Domingo de Ramos e da Paixão do Senhor abre a Semana Santa na Diocese de Amparo
Neste último domingo da Quaresma, 29 de março, a Diocese de Amparo celebrou com fé e grande participação dos fiéis o Domingo de Ramos e da Paixão do Senhor, marco que dá início à Semana Santa, o período mais importante do calendário litúrgico da Igreja.
A Santa Missa foi presidida por Dom Luiz Gonzaga Fechio, com concelebração do Pe. Sidney Wilson Basaglia. A celebração teve início na Igreja Nossa Senhora do Rosário, onde aconteceu a bênção dos ramos, seguida de procissão até a Catedral Diocesana. Ao longo do percurso, numerosos fiéis acompanharam com alegria e devoção, recordando a entrada triunfal de Jesus em Jerusalém.
O sentido do Domingo de Ramos
Mais do que uma simples procissão, este domingo carrega um significado profundo para a fé cristã. Seu nome completo — Domingo de Ramos e da Paixão do Senhor — revela a união de duas tradições litúrgicas antigas: a memória da acolhida festiva de Jesus em Jerusalém e a meditação de sua Paixão.
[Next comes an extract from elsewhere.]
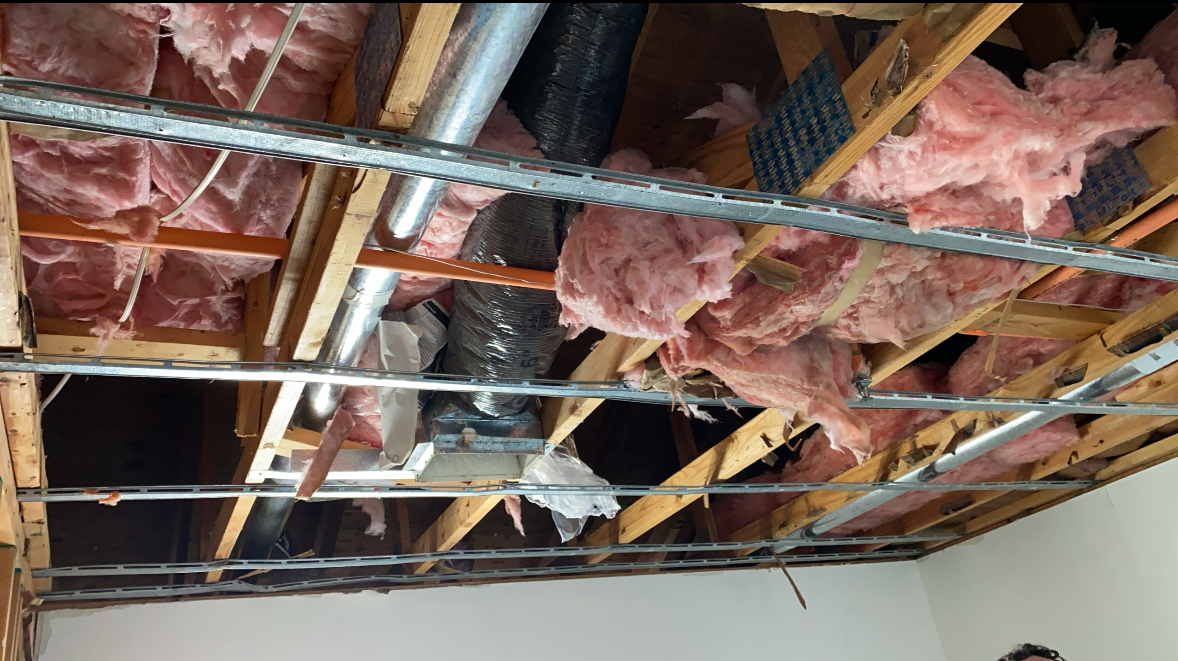 A kitchen in an abandoned house with a stove and refrigerator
A riqueza da Liturgia da Palavra
A celebração deste domingo possui uma característica singular: a proclamação de dois Evangelhos. Inicialmente, recorda-se a entrada de Jesus em Jerusalém, neste ano segundo o Evangelho de São Mateus. Em seguida, a liturgia apresenta:
- A primeira leitura, do profeta Isaías, que anuncia o Servo Sofredor, figura que os cristãos reconhecem em Cristo;
- A segunda leitura, da carta de São Paulo aos Filipenses, um hino que exalta a humildade e a obediência de Jesus;
- E, por fim, a narrativa da Paixão do Senhor, proclamada de forma solene, conduzindo os fiéis ao coração do mistério pascal.
A bênção e a procissão dos ramos
A celebração se inicia, tradicionalmente, fora da igreja. Após a proclamação do Evangelho da entrada de Jesus em Jerusalém, os ramos são abençoados e os fiéis seguem em procissão.
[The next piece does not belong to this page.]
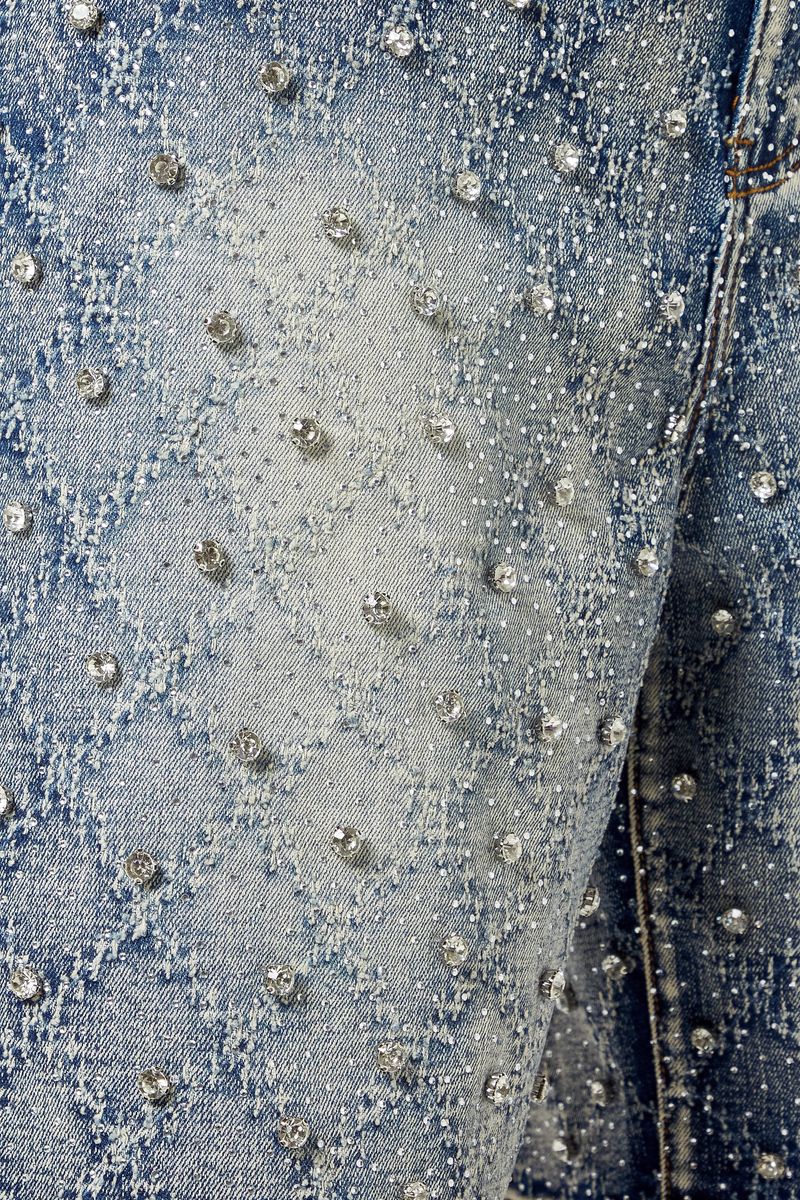 Fashion-forward aqua blue shorts showcasing hand-applied embellishments, distressed accents, perfect for summer outings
Com cantos e orações, a comunidade revive aquele momento em que o povo acolheu Cristo com alegria, proclamando “Hosana”, expressão que significa “Salva-nos”. Ao final da celebração, os ramos bentos são levados para casa, como sinal de fé e recordação da realeza de Cristo, uma realeza marcada pela Cruz.
A homilia: um chamado à transformação
Durante a homilia, Dom Luiz Gomes convidou os fiéis a refletirem profundamente sobre o sentido da Semana Santa. Ele destacou que este tempo não deve se limitar a práticas externas, mas provocar uma verdadeira transformação interior.
O bispo questionou: “Esta semana vai ser apenas uma semana ou vai transformar todo o nosso ano?” Em um mundo marcado por desafios e inseguranças, ele ressaltou que a vivência autêntica da fé deve gerar mudanças concretas na vida pessoal e na sociedade.
Ao comentar as leituras, Dom Luiz recordou a figura do Servo Sofredor e destacou o exemplo de Cristo que se esvazia de si mesmo. Em contraste com uma cultura marcada pelo orgulho e autossuficiência, o Evangelho convida ao esvaziamento e à humildade.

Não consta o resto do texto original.